Lesson Plan

Lesson Plan
Grade: Date: 17/01/2026
Subject: Computer Science
Lesson Topic: Show awareness of what a compiler has to do to translate recursive programming code
Learning Objective/s:
  • Describe the compiler phases involved in translating a recursive function.
  • Explain how activation records are created and managed on the call stack.
  • Identify when tail‑call optimisation can be applied and its effect on memory usage.
  • Analyse a simple recursive example (e.g., factorial) and trace the generated code steps.
Materials Needed:
  • Projector or interactive whiteboard
  • Slides showing compiler phases and stack diagram
  • Sample code worksheets (factorial example)
  • IDE/compiler demo (e.g., gcc) on classroom computers
  • Handout of activation‑record layout table
Introduction:
Begin with a quick question: What happens inside a program when a function calls itself? Review prior learning on recursion and call‑stack basics. Explain that today’s success criteria are to understand how a compiler translates such calls and to recognise optimisation opportunities.
Lesson Structure:
  1. Do‑now (5') – Students answer a short prompt about recursion behaviour.
  2. Mini‑lecture (10') – Overview of compiler phases for recursive code, using slides.
  3. Walkthrough (15') – Step‑by‑step translation of the factorial function, highlighting activation‑record creation.
  4. Guided practice (10') – In pairs, students annotate a worksheet showing stack changes for several recursive calls.
  5. Optimisation demo (10') – Demonstrate tail‑call optimisation with an example and discuss applicability.

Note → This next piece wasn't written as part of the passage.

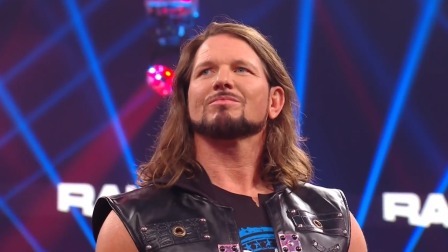 WWE RAW 2020 【英文解说】WWE RAW 第1438期：AJ爆桌德鲁宣战TLC大赛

  6. Check for understanding (5') – Quick quiz (Kahoot) on key concepts.
Conclusion:
Summarise how the compiler builds the call stack and where optimisation can reduce its depth. Have students write an exit‑ticket note describing a situation where tail‑call optimisation would be beneficial. Assign homework to research how another programming language handles recursion and optimisation.